**GIVEN MATERIAL:**
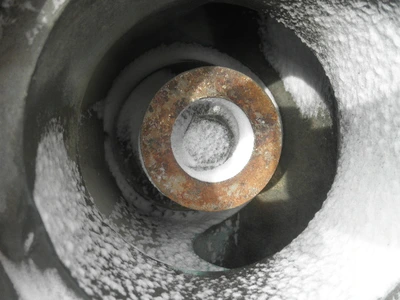 USED OILWELL B-558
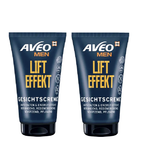 2xPack AVEO MEN Day Cream Lift Effect - 150 ml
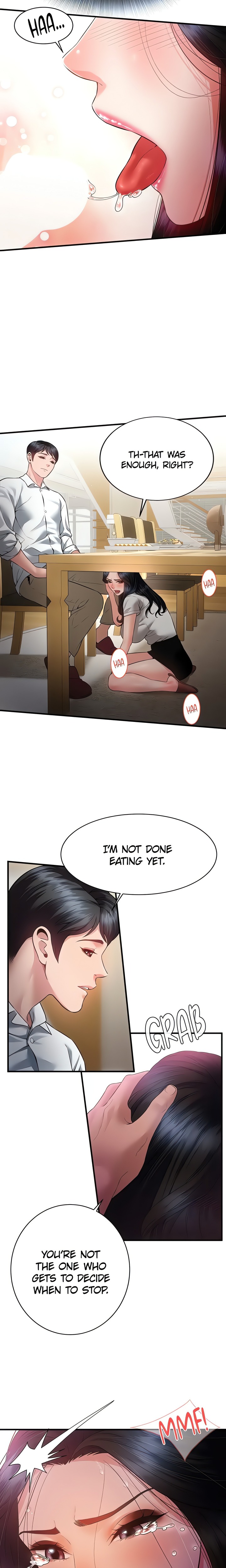 Bride Lessons (Official) - Chapter 18 Page 12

**ACTIVITY:** Your response must reproduce every line of the data exactly, with images omitted.

**WRITTEN SOLUTION:**
 USED OILWELL B-558
 2xPack AVEO MEN Day Cream Lift Effect - 150 ml
 Bride Lessons (Official) - Chapter 18 Page 12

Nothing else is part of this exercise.